O Matuto e as Selfies

Matuto chega à conclusão que um dos males da existência é o narcisismo desenfreado que o mundo abraçou. Urge trazermos para a luz do dia – sugere o Matuto – esta ideia Pascaliana de um ‘anti-humanismo’.

O Matuto nunca tirou uma selfie. Para espanto da comunidade estudantil deste maravilhoso país que o acolheu tão generosamente no seu seio, o Matuto não tem telemóvel (celular, no Brasil, por favor). E, não tem nenhuma intenção, de comprar tão indigesto artigo. Todavia, o Matuto permite-se incursões rápidas ao Facebook porque um velho conservador sempre tem laivos de inaudita vaidade. Mas, adiante! Esta semana o Matuto assistiu a uma ligeira briga, onde uns Facebookianos, lançavam setas envenenadas tipo: vai, mas é ler Tomás de Aquino; falta-te saber mais Erasmo de Roterdão, e outra diatribes teológicas. O Matuto, achou tudo uma grande maçada. Tossicou. Coçou a cabeça. Alisou a barba. E pensou em Pascal (1623-65).

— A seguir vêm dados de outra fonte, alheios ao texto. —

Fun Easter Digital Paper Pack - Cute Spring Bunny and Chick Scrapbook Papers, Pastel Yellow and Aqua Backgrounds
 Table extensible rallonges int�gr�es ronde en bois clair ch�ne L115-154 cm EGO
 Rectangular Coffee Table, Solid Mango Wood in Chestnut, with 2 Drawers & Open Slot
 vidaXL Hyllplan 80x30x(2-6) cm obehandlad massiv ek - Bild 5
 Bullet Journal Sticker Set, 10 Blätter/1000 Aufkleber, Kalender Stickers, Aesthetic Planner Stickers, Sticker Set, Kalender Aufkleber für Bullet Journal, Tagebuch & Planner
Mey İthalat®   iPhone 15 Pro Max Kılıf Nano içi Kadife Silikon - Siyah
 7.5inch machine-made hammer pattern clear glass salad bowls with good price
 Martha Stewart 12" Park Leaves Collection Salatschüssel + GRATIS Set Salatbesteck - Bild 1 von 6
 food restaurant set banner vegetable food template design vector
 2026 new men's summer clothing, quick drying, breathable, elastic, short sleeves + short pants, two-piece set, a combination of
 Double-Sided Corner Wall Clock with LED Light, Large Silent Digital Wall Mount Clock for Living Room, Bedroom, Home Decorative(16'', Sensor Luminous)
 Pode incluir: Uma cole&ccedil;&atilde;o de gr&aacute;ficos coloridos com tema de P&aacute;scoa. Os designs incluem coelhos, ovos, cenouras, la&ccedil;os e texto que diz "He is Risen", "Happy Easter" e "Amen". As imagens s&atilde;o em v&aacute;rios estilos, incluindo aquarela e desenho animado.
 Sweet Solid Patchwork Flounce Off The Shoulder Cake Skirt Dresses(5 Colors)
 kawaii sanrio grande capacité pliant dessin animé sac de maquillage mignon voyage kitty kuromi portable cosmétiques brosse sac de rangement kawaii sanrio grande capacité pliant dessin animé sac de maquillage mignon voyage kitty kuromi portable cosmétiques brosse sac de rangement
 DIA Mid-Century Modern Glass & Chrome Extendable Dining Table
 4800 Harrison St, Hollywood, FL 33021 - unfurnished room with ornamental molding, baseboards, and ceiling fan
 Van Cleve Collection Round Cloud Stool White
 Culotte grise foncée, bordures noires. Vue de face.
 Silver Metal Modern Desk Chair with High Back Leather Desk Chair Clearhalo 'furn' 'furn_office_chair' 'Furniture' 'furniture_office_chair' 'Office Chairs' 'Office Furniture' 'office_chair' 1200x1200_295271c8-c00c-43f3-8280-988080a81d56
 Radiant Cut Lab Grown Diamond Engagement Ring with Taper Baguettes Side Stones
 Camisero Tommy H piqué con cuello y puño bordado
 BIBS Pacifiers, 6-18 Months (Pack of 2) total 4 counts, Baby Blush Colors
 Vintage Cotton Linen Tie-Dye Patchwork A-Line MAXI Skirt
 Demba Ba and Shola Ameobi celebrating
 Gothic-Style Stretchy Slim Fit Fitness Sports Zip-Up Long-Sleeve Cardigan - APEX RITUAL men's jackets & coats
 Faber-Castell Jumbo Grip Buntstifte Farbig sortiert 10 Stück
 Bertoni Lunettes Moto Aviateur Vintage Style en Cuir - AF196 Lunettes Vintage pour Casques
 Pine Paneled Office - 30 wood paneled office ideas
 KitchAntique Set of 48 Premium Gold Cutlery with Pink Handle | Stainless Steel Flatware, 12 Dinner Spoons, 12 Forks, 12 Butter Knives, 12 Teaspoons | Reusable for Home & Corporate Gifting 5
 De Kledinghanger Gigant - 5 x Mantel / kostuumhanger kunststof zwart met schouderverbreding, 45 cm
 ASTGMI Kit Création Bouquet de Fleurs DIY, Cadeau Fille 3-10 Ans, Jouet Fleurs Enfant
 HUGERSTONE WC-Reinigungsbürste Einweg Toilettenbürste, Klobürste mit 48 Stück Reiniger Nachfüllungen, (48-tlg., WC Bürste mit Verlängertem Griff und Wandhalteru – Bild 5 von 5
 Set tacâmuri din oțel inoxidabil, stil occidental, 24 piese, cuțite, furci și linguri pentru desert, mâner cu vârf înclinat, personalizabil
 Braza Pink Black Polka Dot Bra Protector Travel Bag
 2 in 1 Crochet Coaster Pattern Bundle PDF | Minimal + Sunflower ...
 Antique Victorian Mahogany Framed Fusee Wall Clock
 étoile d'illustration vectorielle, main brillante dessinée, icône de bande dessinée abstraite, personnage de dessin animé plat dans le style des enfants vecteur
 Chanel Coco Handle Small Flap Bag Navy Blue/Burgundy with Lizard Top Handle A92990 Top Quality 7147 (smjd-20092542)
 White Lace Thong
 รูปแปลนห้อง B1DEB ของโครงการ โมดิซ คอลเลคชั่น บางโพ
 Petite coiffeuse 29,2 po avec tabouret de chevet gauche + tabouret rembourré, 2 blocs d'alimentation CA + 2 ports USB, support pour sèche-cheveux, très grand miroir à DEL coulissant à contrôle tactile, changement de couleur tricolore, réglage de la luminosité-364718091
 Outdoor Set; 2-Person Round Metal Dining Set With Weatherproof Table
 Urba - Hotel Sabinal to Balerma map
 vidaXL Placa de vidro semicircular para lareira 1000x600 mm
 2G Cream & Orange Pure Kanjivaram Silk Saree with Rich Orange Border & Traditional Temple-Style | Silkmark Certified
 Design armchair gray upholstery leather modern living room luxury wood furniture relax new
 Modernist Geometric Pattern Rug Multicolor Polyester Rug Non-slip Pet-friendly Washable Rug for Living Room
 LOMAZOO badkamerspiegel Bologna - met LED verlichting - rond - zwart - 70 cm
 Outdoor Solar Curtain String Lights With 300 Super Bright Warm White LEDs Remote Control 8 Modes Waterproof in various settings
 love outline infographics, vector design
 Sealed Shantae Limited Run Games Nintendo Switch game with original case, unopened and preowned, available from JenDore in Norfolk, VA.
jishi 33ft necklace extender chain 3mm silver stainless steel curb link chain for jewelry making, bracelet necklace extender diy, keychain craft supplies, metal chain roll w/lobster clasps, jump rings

 Ao serão, na “Casa das Pontes”, a discussão foi viva. A Belinha – a visita conservadora das ‘Pontes’ – falava meio brava: “esse tal de Pascal é um tonto. Diz que as mulheres grávidas ou as que amamentam, sei lá, são infelizes porque têm ligações mais estreitas ao mundo que as prende, é totalmente grotesco”. O Sr. Rocha – a visita letrada das ‘Pontes’ – ficou assarapantado com esta explosão. Por vezes a Belinha é uma força da natureza. “Isso é tão, tão… ahhhmmm…” – o Sr. Rocha tacteando pelas palavras é coisa rara – “tão primário que até dói”. E, inflamado, coçando a careca, continuou: “ele está tratando do ennui – tédio -da humanidade. Como as mulheres estão mais profundamente ligadas ao mundo material do que os homens, isso as torna mais susceptíveis às distrações e tentações terrenas. Ele está falando da ‘graça eficaz’ de Deus que nos alcança, mesmo sendo nós imperfeitos”. O Marcello – a visita reacionária das ‘Pontes” – sempre mete o bedelho quando a questão é religião: “é a célebre ideia de que o homem é insuficiente! Estes Cristãos só botam abaixo a humanidade. É uma falta atroz de auto-estima. Arre!” “Qual auto-estima, qual carapuça” – o Sr. Rocha argumenta como um pedreiro por vezes. Energicamente continua: “trata-se de auto-suficiência, mas é! Por causa da sua constituição desgraçada o homem tem uma abertura para o sobrenatural. É essa brecha que permite a intervenção divina”. O Matuto aprecia esta rodada de ideias. Santo Agostinho não diria melhor.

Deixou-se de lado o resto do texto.